When infecting files, Padania checks for .CO? or EX? extension. Padania does not infect filenames beginning with: 'AV' (several anti-virus utilities), 'TB' (ThunderByte Anti-Virus suite), 'IV' (Invircible), 'PR' (Windows progman.exe) and '-V' (old name for AVP). .EXE files with NewEXE header or MZ 'maxmem' field not equal to 0FFFFh are not infected. Padania is polymorphic in all infections. Polymorphic decrypters are padded to a fixed length of 85 bytes to simplify stealth routines. Padania includes the following text string:

Padania Virus by Qark/VLAD
This virus is dedicated to all the people in Padania
(Northern Italy) who seek separation from Southern Italy
and to their party Lega Nord.
Questo virus e' dedicato agli abitanti della Padania, in cerca dell'
indipendenza dal sud italia, ed al loro movimento Lega Nord

Background and Name

Padania is a region of northern Italy, typically defined as the Po river valley. It can however be stretched to include regions as far south as Tuscany and Umbria. In recent years, the people of this region have been dissatisfied with the government of Italy, believing they are too heavily taxed for what they get in return and that Rome is not in touch with their needs and call for independence or a certain level of autonomy. Lega Nord (the Northern League) mentioned in the virus, is the most popular party advocating for the needs of the people of Padania.

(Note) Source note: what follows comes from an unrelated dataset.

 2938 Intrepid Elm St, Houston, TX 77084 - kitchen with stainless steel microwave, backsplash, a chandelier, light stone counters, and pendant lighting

Padania has been a relatively popular subject for virus coders, as there have been five other different virus families named Padania. There is also Padanian Warrior by b0z0 of iKx, which was actually created in Padania.

Other Facts

There are several other viruses named Padania for a few different platforms. One for word, another for Unix and versions for Windows 16-bit, 9x and 32-bit versions.